The rise of large-scale batteries in Europe

Aside from the rise of solar energy¹, another significant trend currently unfolding is the proliferation of large-scale batteries worldwide, and in Europe in particular. This trend is poised to have a substantial impact on our grids and the electricity markets.

Reading the news, I have been surprised by the numerous new projects and record-setting announcements:

• January 2024: The Largest Electric Battery Project in Continental Europe

• April 2024: Europe’s largest battery storage project secures approval

• October 2024: Estonia begins construction on Europe’s largest battery park

• October 2024: Large-scale battery storage in Germany set to increase five-fold within 2 years

• November 2024: Central & Eastern Europe: Utility-scale storage market set to increase fivefold by 2030

• December 2024: Europe battery capacity to rise 5-fold by 2030 – consultancy

It's not just projections; the growth of large-scale batteries this year has been unprecedented.

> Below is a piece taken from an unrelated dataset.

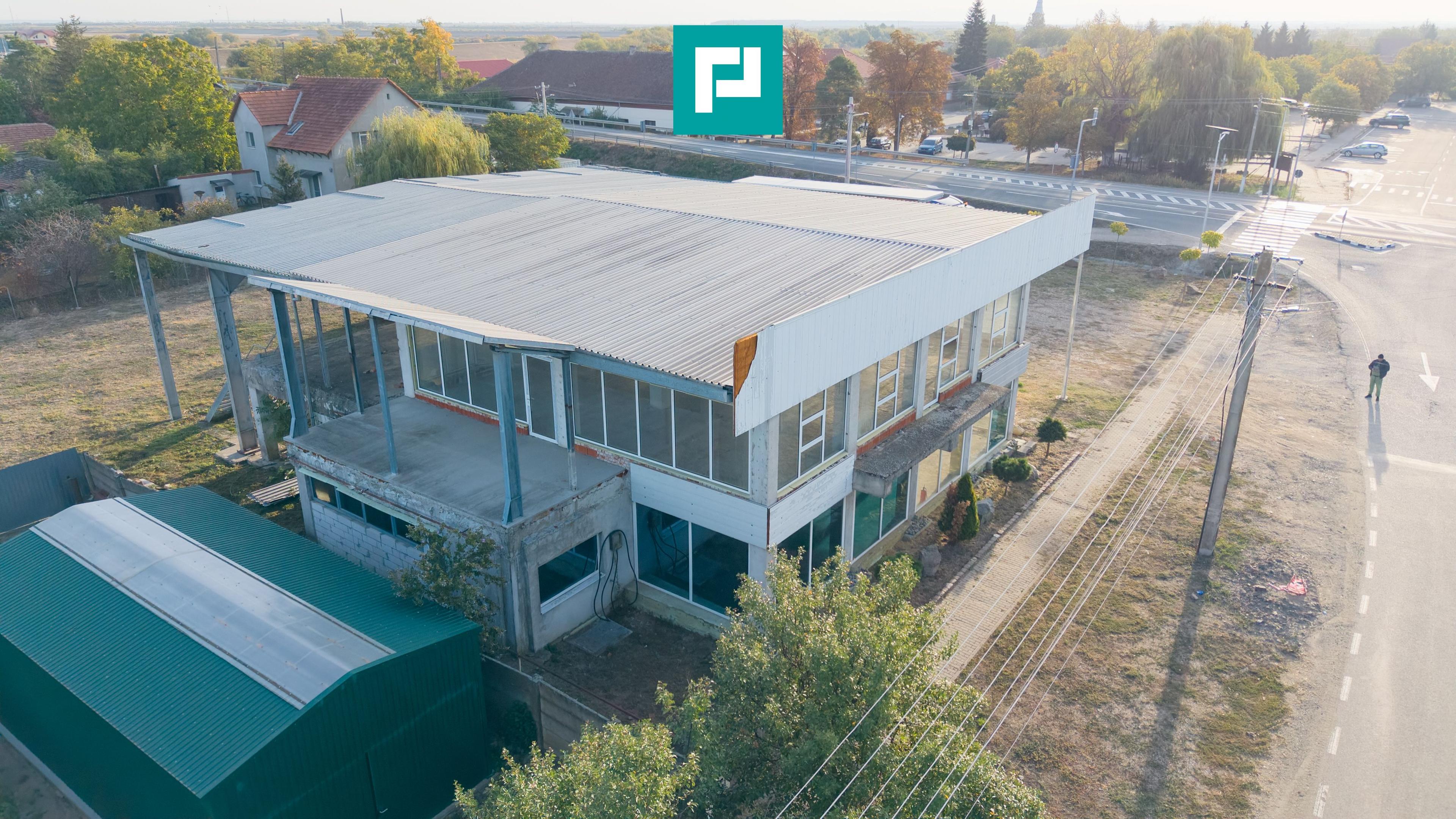 Spatiu comercial cu etaj și teren de 4000mp - 14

As the graph below illustrates, European storage capacity is expected to increase from 17.2 GWh to 22.4 GWh. A significant part of this growth is attributed to utility-scale storage, which is projected to rise from 3.6 GWh to 11 GWh—representing a threefold increase. To put it plainly, a 200% growth rate is exceptional.

Source

Such a growth can be seen in all the projects being commercialized recently, here are a few examples: Aghada, Bollingstedt, or Ville-sur-Haine.

Of course, a common critique is that batteries only store currently a few minutes' worth of the total electric load, which is true. As I have described in a previous post, the only truly large-scale storage currently available (capable of postponing weeks of electric consumption) is large-scale hydro with reservoirs, with energy reserves expressed in TWh.

Nevertheless, various aspects of grid operations depend on much shorter-term variations, including all power reserves (such as FCR, aFRR, and mFRR in Europe) and intraday markets. These processes do not require storage for several days; even storage measured in hours would have a significant impact.

Let’s explore further.

Like solar: getting cheaper…

Large-scale batteries share at least two characteristics with solar: it is getting cheap and it is modular. The cost decrease has been phenomenal, as we can observe in the graph below, with a logarithmic Y-scale.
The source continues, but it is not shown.